Transitional provisions for negotiable debt securities

    (1) During the transitional period referred to in Article 10 of the Directive, but until 31 December 2010 at the latest, domestic and international bonds and other negotiable debt securities which have been first issued before the 1 March 2001 or for which the original issuing prospectuses have been approved before that date by the competent authorities within the meaning of Council Directive 80/390/EEC or by the responsible authorities in third countries shall not be considered as debt claims within the meaning of Article 5(1)(a) of this Agreement, provided that no further issues of such negotiable debt securities are made on or after 1 March 2002.

    (2) Nothing in this Article shall prevent the contracting parties from taxing the income from the negotiable debt securities referred to in paragraph (1) in accordance with their national laws.

ARTICLE 7

Mutual agreement procedure

Where difficulties or doubts arise between the parties regarding the implementation or interpretation of this Agreement, the contracting parties shall use their best endeavours to resolve the matter by mutual agreement.

ARTICLE 8

Confidentiality

    (1) All information provided and received by the competent authority of a contracting party shall be kept confidential.

    (2) Information provided to the competent authority of a contracting party may not be used for any purpose other than for the purposes of direct taxation without the prior written consent of the other contracting party.

    (3) Information provided shall be disclosed only to persons or authorities concerned with the purposes of direct taxation, and used by such persons or authorities only for such purposes or for oversight purposes, including the determination of any appeal.
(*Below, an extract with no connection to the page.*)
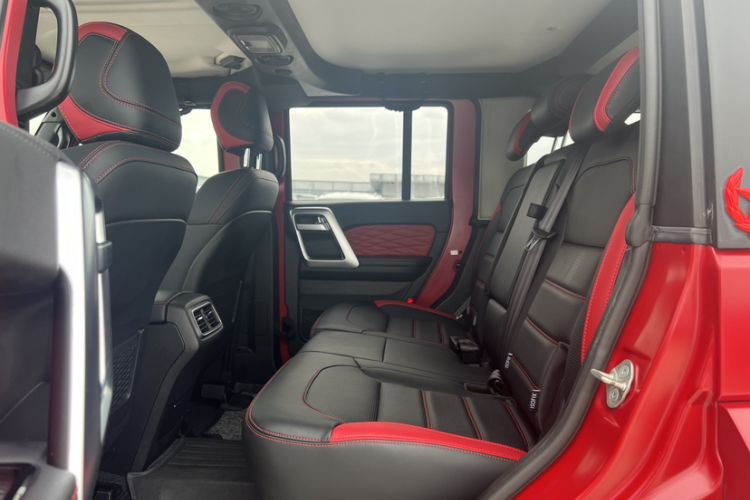 Used BAIC Off-Road BJ40 2021 2.3T Automatic Four-Wheel Drive Blade Hero Edition Supreme Version Interior 3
For these purposes, information may be disclosed in public court proceedings or in judicial proceedings.

    (4) Where the competent authority of a contracting party considers that information which it has received from the competent authority of the other contracting party is likely to be useful to the competent authority of another Member State, it may transmit it to the latter competent authority with the agreement of the competent authority which supplied the information.

ARTICLE 9

Entry into force

This agreement shall enter into force on the thirtieth day after the latter of the dates on which the respective Governments have notified each other in writing that the formalities constitutionally required have been compiled with, and its provisions shall have effect from the date from which the Directive is applicable according to paragraphs 2 and 3 of Article 17 of the Directive.

ARTICLE 10

Termination

    (1) This Agreement shall remain in force until terminated by either contracting party.

    (2) Either contracting party may terminate this Agreement by giving notice of termination in writing to the other contracting party, such notice to specify the circumstances leading to the giving of such notice. In such a case, this Agreement shall cease to have effect 12 months after the serving of notice.

ARTICLE 11

Application and suspension of application

    (1) The application of this Agreement shall be conditional on the adoption and implementation by all the Member States of the European Union, by the United States of America, Switzerland, Andorra, Liechtenstein, Monaco and San Marino, and by all the relevant dependent and associated territories of the Member States of the European Community, respectively, of measures which conform with or are equivalent to those contained in the Directive or in this Agreement, and providing for the same dates of implementation.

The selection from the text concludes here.